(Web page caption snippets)
**********

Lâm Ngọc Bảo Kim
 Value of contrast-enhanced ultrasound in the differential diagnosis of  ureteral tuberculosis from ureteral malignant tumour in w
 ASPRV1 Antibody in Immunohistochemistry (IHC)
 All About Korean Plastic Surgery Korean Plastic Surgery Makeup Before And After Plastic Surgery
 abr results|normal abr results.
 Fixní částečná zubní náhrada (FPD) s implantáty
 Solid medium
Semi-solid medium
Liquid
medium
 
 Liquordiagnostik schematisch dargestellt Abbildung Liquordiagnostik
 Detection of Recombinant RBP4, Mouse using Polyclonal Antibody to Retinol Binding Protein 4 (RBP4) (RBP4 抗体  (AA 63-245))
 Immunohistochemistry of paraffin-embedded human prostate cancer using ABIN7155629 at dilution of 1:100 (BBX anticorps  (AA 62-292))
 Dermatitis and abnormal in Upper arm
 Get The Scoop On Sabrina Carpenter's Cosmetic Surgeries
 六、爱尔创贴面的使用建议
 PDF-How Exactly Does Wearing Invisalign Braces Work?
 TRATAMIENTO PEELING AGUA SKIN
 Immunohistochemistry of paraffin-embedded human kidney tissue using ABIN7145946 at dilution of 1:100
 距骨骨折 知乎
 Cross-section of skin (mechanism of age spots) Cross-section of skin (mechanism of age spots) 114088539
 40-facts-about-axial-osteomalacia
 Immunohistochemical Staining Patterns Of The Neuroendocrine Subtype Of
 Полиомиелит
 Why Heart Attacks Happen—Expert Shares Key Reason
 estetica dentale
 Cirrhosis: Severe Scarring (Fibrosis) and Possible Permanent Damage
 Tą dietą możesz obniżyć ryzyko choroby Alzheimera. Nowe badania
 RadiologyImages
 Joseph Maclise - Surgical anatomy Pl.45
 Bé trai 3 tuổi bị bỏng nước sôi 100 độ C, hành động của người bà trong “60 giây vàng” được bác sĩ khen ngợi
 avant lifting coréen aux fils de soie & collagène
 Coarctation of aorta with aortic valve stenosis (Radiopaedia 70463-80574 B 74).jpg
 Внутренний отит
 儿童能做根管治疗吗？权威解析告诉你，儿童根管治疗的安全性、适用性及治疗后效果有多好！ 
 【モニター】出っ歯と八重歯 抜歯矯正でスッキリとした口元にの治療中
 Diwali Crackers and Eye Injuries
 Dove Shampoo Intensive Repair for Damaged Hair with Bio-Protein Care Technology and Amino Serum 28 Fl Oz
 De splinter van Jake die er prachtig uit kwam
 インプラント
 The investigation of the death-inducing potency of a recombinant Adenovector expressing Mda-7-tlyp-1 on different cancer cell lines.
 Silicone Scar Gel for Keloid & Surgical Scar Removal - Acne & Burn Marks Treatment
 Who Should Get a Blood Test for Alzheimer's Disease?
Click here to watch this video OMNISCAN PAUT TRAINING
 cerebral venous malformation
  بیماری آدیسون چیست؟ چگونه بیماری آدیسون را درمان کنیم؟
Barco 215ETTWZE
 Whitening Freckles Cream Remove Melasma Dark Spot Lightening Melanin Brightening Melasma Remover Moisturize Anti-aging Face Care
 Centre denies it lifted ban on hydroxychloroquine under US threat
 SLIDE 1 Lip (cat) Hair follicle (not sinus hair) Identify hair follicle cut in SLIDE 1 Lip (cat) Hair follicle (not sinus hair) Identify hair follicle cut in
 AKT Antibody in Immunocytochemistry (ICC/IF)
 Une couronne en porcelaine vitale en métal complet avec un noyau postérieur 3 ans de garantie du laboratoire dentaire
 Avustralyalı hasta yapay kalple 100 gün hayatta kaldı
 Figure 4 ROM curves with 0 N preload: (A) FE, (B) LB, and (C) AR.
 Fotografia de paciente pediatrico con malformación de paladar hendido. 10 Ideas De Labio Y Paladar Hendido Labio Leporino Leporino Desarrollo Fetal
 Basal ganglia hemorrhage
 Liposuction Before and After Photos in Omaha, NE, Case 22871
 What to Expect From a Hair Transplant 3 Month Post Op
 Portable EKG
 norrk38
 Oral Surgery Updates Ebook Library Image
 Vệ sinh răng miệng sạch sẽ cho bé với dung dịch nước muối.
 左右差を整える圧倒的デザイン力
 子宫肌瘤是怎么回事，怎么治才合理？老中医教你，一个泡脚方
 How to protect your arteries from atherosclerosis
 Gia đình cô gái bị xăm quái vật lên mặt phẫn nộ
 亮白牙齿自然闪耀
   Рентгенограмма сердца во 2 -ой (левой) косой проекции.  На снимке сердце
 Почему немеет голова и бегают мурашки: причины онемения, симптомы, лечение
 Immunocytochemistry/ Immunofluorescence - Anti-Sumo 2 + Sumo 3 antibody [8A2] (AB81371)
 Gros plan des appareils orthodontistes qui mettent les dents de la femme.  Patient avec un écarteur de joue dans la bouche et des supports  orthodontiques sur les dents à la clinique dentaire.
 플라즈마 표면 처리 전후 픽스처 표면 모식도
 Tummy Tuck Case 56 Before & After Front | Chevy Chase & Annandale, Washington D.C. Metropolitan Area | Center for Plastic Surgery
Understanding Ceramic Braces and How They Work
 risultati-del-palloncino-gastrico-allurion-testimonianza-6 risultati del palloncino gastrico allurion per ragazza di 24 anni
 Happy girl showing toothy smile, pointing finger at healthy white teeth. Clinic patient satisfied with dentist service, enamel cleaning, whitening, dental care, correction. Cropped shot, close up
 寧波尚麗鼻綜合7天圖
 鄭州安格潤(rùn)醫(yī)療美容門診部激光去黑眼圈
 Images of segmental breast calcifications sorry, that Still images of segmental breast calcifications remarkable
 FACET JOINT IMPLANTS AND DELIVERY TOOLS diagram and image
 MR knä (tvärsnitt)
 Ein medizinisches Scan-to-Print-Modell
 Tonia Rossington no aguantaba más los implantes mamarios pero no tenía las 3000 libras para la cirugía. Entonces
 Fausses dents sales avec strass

**********

= Problem statement =
Your answer should be a single number: the count of lines above that contain the word "Protein".

= Written reply =
2